What this task involves ::
Retype all of the listing exactly, passing over any picture you find.

Study material Start Marker

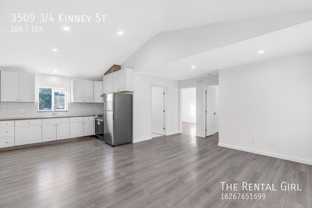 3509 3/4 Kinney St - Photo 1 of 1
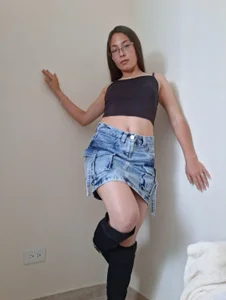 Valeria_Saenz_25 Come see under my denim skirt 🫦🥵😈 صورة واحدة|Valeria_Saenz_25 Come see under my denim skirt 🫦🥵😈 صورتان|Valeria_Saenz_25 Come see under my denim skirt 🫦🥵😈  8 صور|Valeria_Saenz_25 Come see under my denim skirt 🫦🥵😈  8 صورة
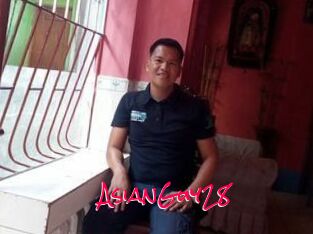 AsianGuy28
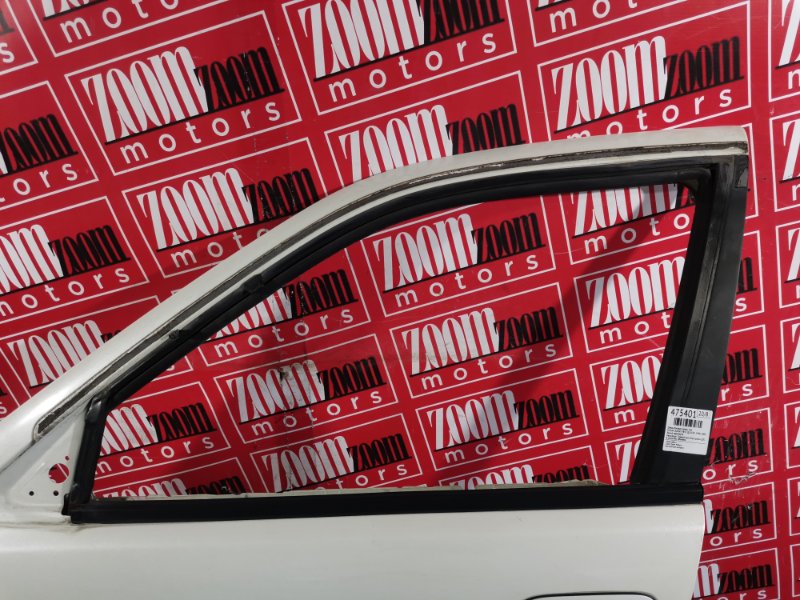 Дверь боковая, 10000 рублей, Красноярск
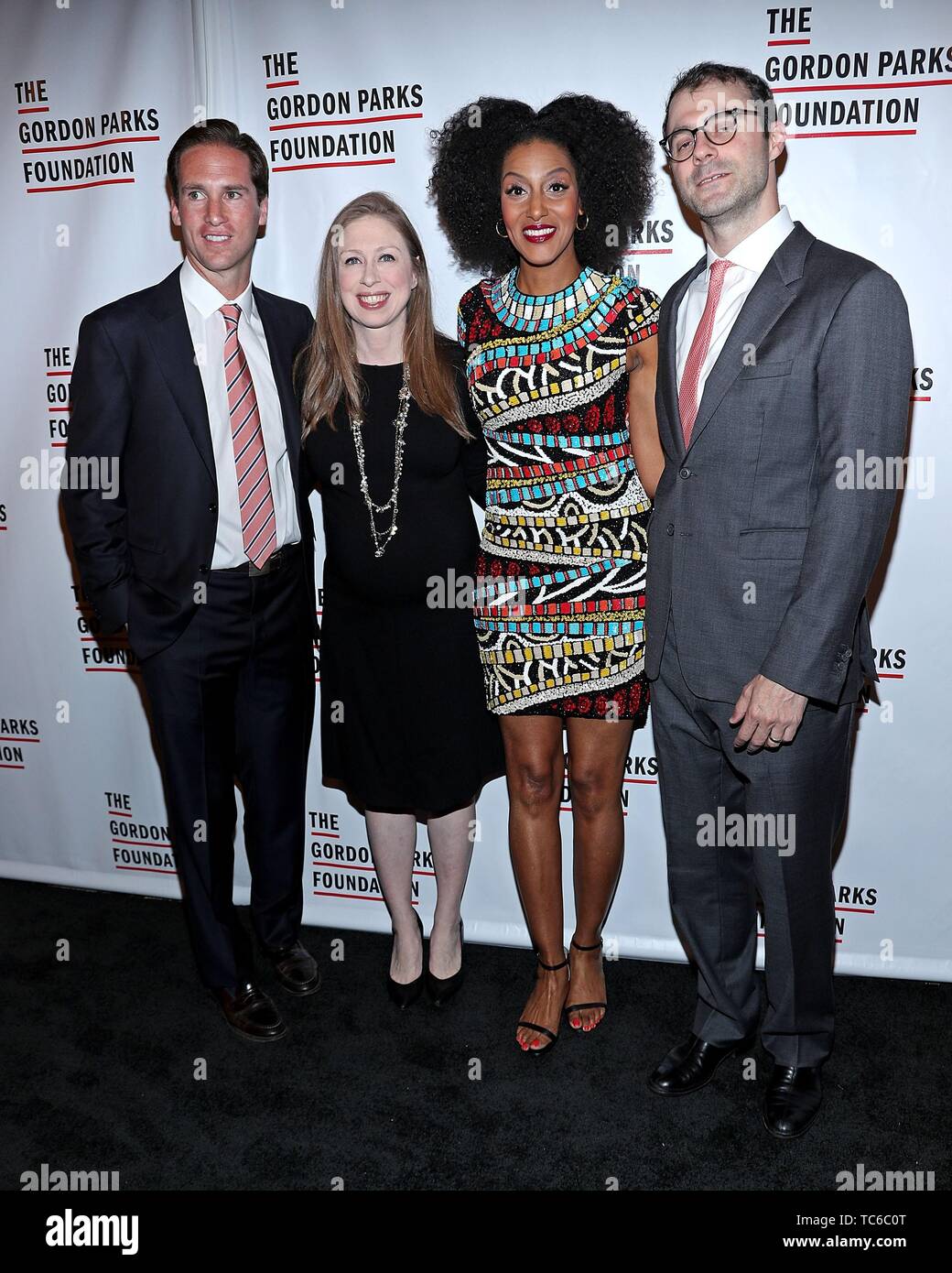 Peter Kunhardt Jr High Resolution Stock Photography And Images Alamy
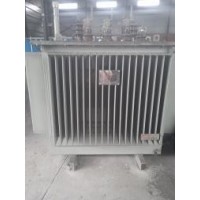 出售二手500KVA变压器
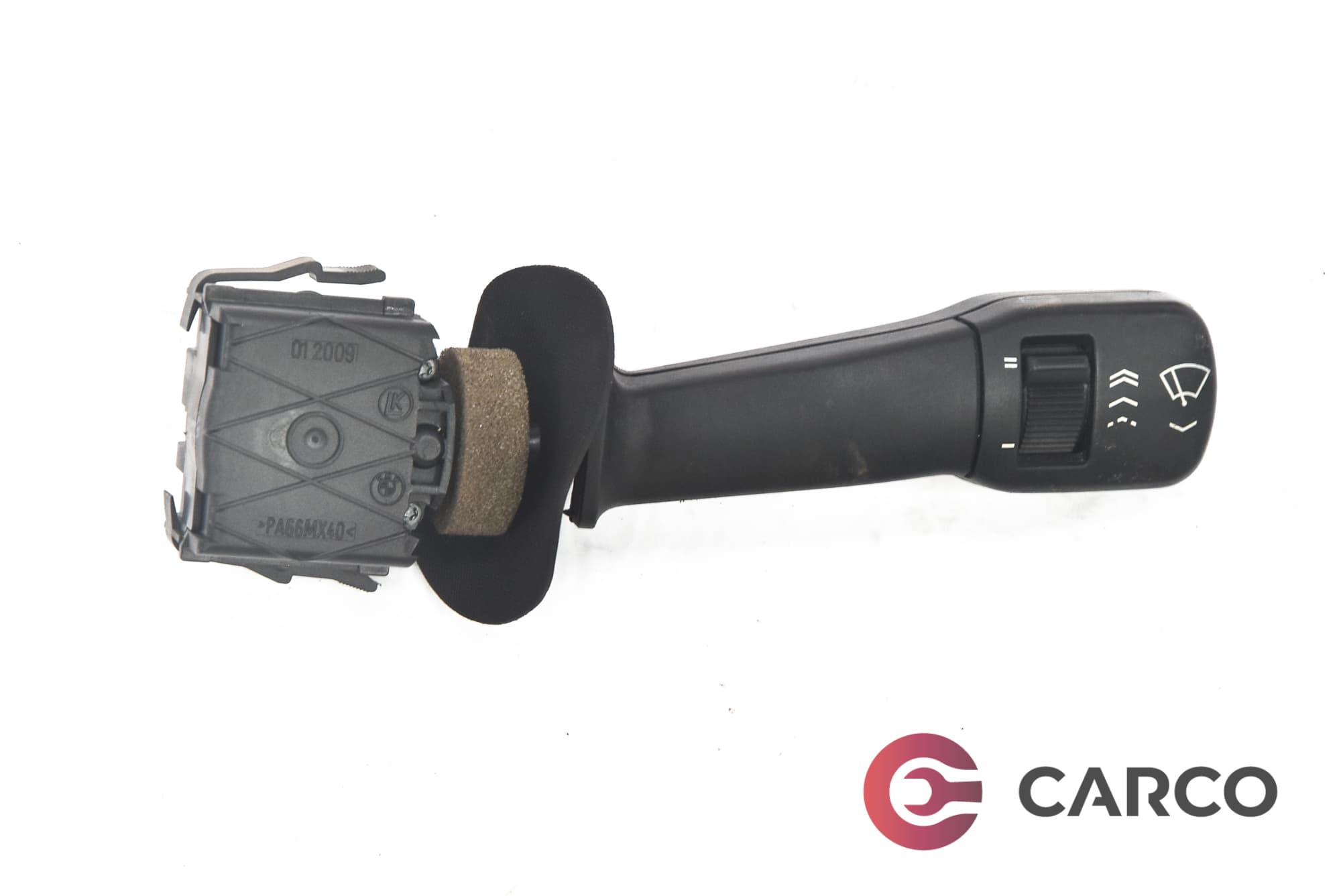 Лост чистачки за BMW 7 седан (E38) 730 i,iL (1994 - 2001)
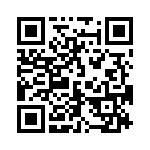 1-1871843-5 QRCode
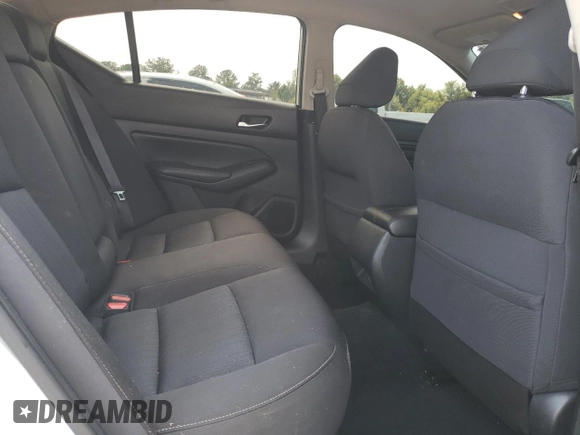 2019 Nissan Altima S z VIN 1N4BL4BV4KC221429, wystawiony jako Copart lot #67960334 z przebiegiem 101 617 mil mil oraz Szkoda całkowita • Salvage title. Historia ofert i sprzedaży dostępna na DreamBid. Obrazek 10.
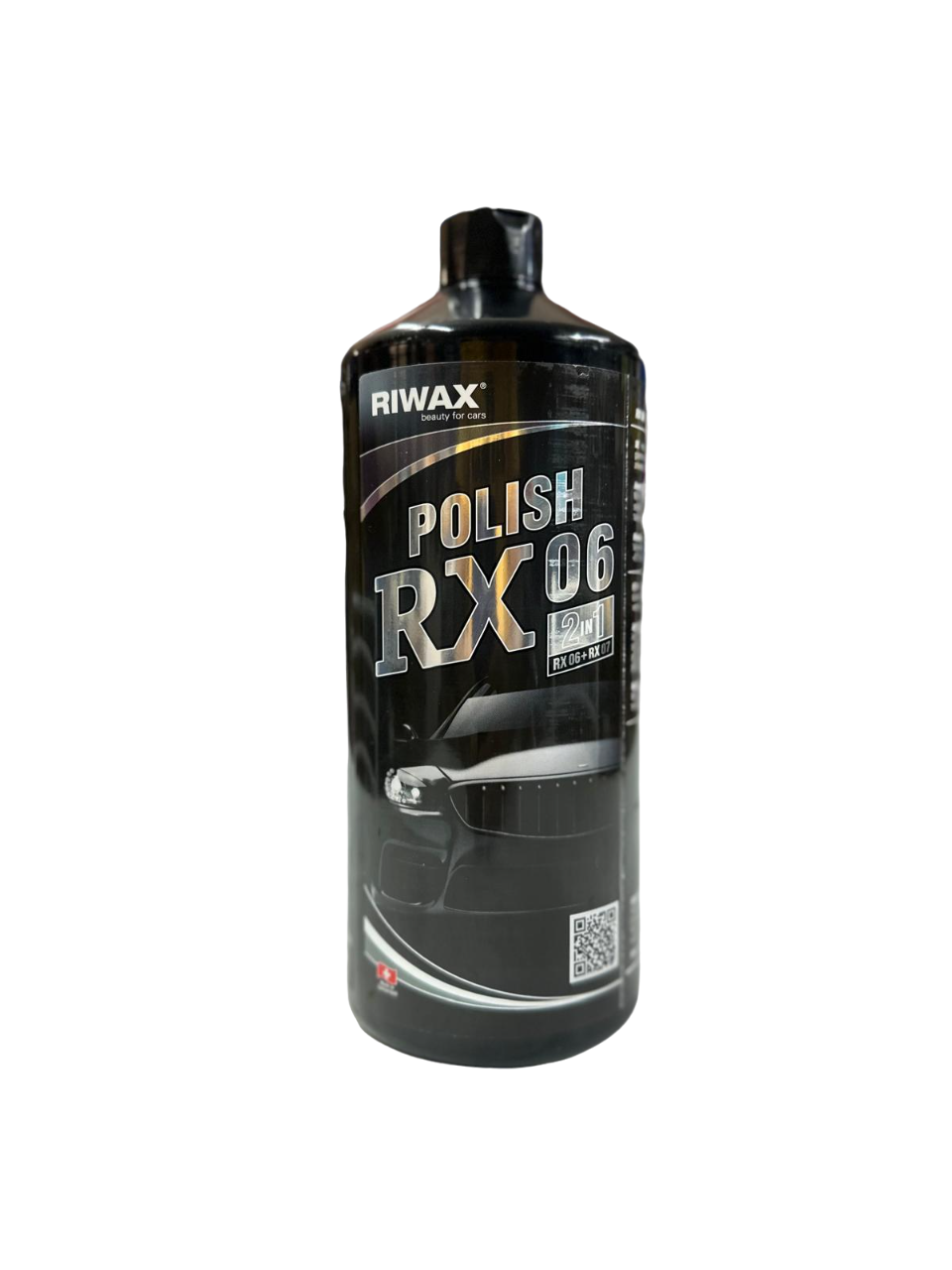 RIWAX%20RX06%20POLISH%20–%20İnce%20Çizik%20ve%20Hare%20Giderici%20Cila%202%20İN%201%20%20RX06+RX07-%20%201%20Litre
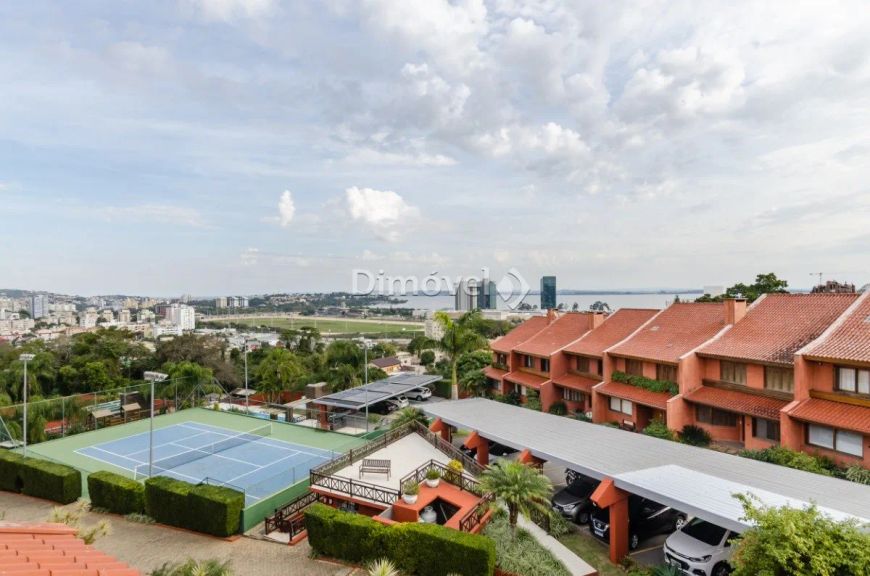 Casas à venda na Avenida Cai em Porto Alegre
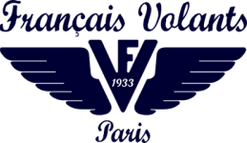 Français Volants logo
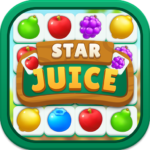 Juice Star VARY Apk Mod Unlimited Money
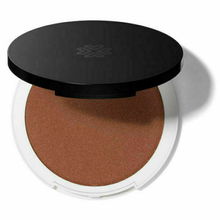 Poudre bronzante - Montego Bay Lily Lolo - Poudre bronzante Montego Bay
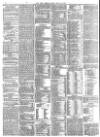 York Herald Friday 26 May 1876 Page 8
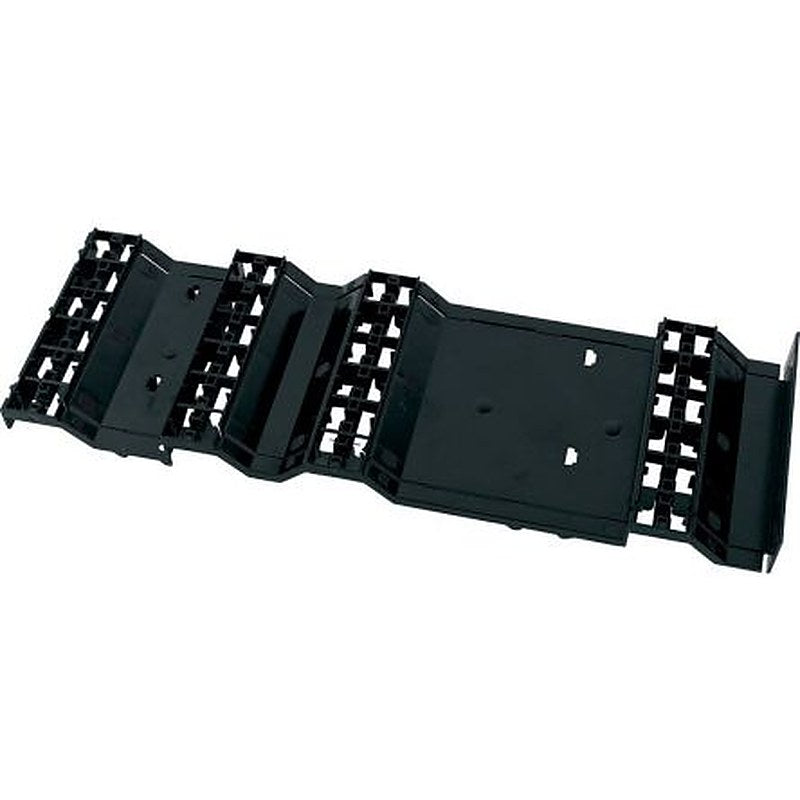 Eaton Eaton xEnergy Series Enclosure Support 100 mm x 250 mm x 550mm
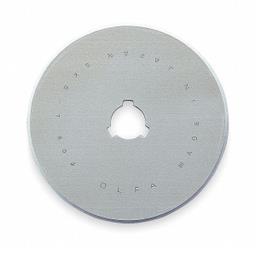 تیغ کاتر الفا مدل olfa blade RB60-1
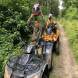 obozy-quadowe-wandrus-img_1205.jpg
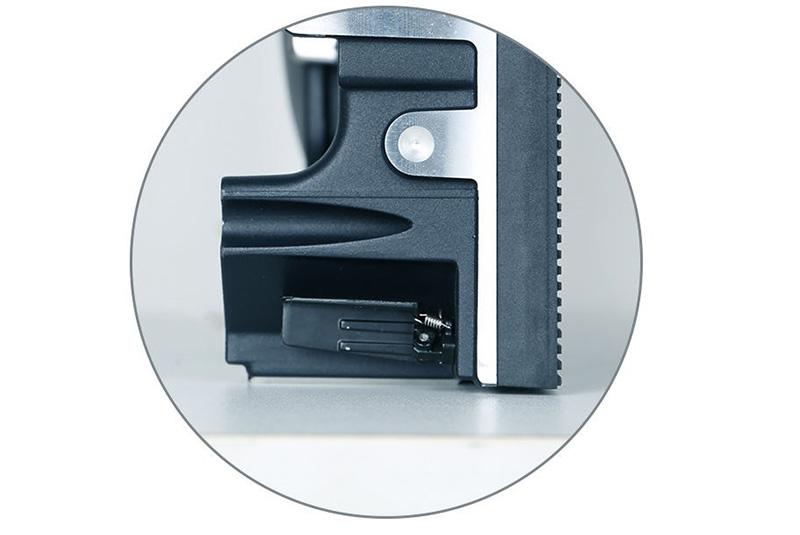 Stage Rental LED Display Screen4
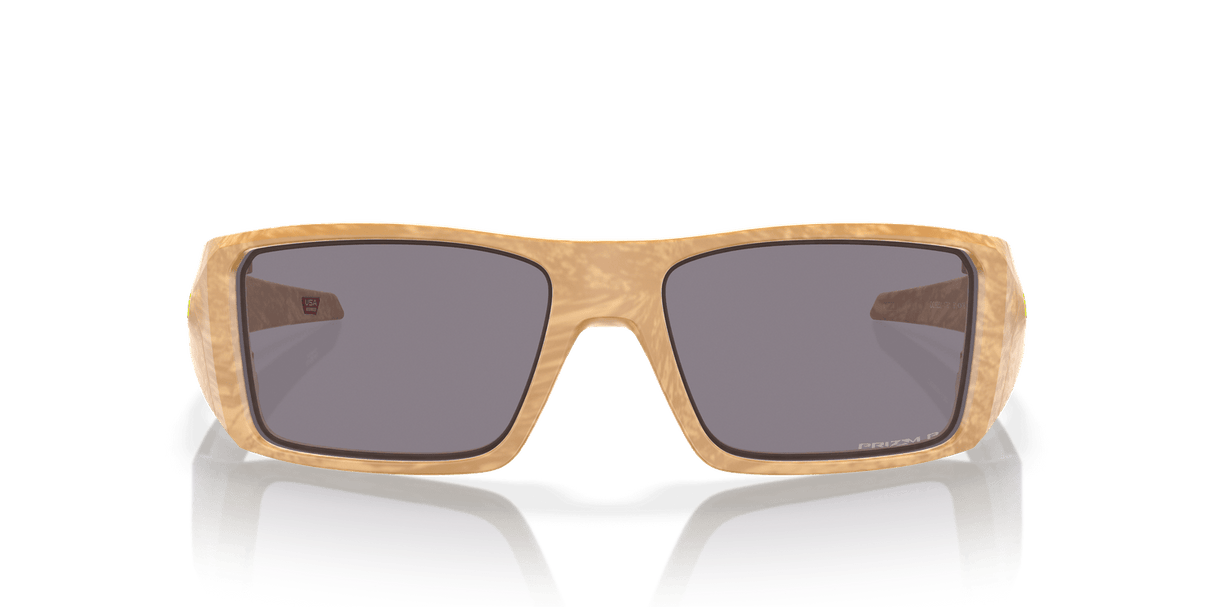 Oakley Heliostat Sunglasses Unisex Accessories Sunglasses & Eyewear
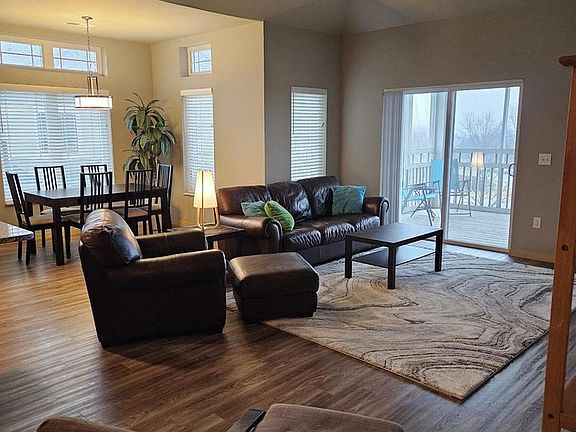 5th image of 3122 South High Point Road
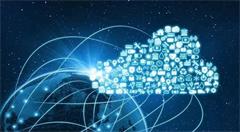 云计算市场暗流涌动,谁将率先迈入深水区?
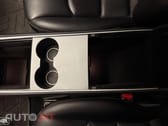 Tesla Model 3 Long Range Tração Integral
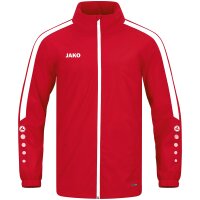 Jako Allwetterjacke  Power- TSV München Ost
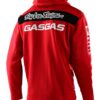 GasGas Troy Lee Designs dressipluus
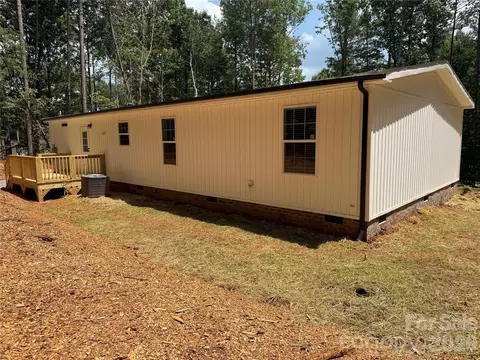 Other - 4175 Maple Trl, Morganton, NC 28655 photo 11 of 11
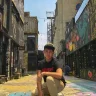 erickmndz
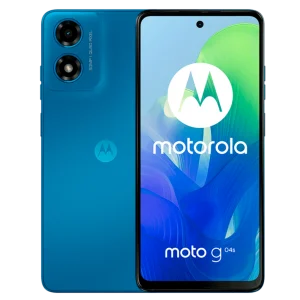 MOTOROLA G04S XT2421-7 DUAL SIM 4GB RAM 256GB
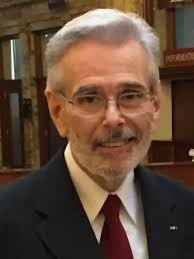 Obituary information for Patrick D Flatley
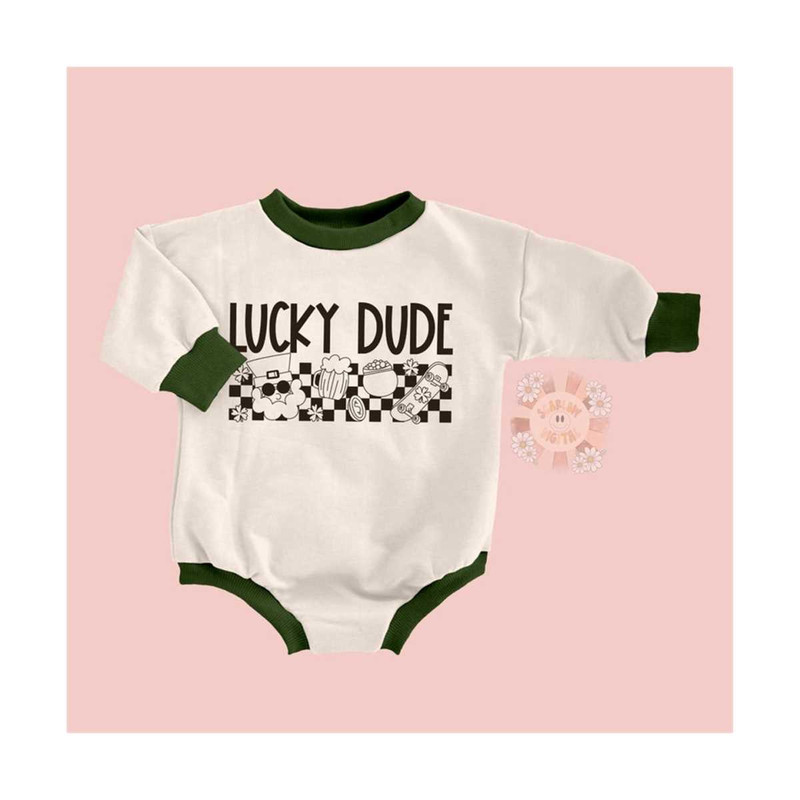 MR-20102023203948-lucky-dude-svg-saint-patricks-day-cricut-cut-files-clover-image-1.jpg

Study material End Marker

Task solution ::
 3509 3/4 Kinney St - Photo 1 of 1
 Valeria_Saenz_25 Come see under my denim skirt 🫦🥵😈 صورة واحدة|Valeria_Saenz_25 Come see under my denim skirt 🫦🥵😈 صورتان|Valeria_Saenz_25 Come see under my denim skirt 🫦🥵😈  8 صور|Valeria_Saenz_25 Come see under my denim skirt 🫦🥵😈  8 صورة
 AsianGuy28
 Дверь боковая, 10000 рублей, Красноярск
 Peter Kunhardt Jr High Resolution Stock Photography And Images Alamy
 出售二手500KVA变压器
 Лост чистачки за BMW 7 седан (E38) 730 i,iL (1994 - 2001)
 1-1871843-5 QRCode
 2019 Nissan Altima S z VIN 1N4BL4BV4KC221429, wystawiony jako Copart lot #67960334 z przebiegiem 101 617 mil mil oraz Szkoda całkowita • Salvage title. Historia ofert i sprzedaży dostępna na DreamBid. Obrazek 10.
 RIWAX%20RX06%20POLISH%20–%20İnce%20Çizik%20ve%20Hare%20Giderici%20Cila%202%20İN%201%20%20RX06+RX07-%20%201%20Litre
 Casas à venda na Avenida Cai em Porto Alegre
 Français Volants logo
 Juice Star VARY Apk Mod Unlimited Money
 Poudre bronzante - Montego Bay Lily Lolo - Poudre bronzante Montego Bay
 York Herald Friday 26 May 1876 Page 8
 Eaton Eaton xEnergy Series Enclosure Support 100 mm x 250 mm x 550mm
 تیغ کاتر الفا مدل olfa blade RB60-1
 obozy-quadowe-wandrus-img_1205.jpg
 Stage Rental LED Display Screen4
 Oakley Heliostat Sunglasses Unisex Accessories Sunglasses & Eyewear
 5th image of 3122 South High Point Road
 云计算市场暗流涌动,谁将率先迈入深水区?
 Tesla Model 3 Long Range Tração Integral
 Jako Allwetterjacke  Power- TSV München Ost
 GasGas Troy Lee Designs dressipluus
 Other - 4175 Maple Trl, Morganton, NC 28655 photo 11 of 11
 erickmndz
 MOTOROLA G04S XT2421-7 DUAL SIM 4GB RAM 256GB
 Obituary information for Patrick D Flatley
 MR-20102023203948-lucky-dude-svg-saint-patricks-day-cricut-cut-files-clover-image-1.jpg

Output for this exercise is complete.